Aanleiding voor arrestatie is er volgens het OM niet, maar de Alkmaarse
aanklagers zien zich wel genoodzaakt om Pieter Pranger, geboren 22 oktober
1850 te Ilpendam, te dagvaarden wegens valsheid in geschrifte. Dinsdag 25
mei 1909 dient de zaak voor de rechtbank aan de Geestersingel in Alkmaar.

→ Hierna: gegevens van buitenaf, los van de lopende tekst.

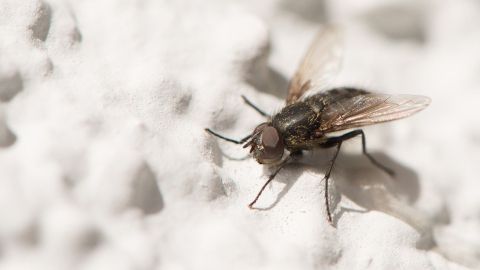 Eine Fliege krabbelt auf einer hellen, texturierten Oberfläche und sucht nach Nahrung in ihrer Umgebung.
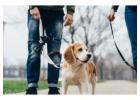 Dog Walking Services in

Als getuigen zijn opgeroepen winkelier en wethouder Huibert van Pel,
vishandelaar en oud-wethouder Gerrit van der Schinkel, gemeenteontvanger
Joseph van der Pol en jonkheer Mr. Louis den Beer Portugael van de bank
Oppenheim en Van Till in Den Haag.
Tijdens het verhoor door justitie geeft burgemeester Pranger alle ten laste
gelegde feiten toe. Van de ft. 2188,98 die hij heeft ontvangen heeft hij inclusief
rente ft. 2348,48 teruggestort. Maar de rente heeft de gemeenteontvanger
niet in ontvangst willen nemen, omdat die zich daartoe onbevoegd achtte.
Wethouder Van Pel komt daarna als getuige aan de beurt. Daaruit blijkt dat
deze de verdachte nog als een fatsoenlijk man beschouwt en hem niet in het
minst wantrouwt.
Afb. 15 Burgemeesterswoning, later domineeshuis, aan de Voorstraat in 2016.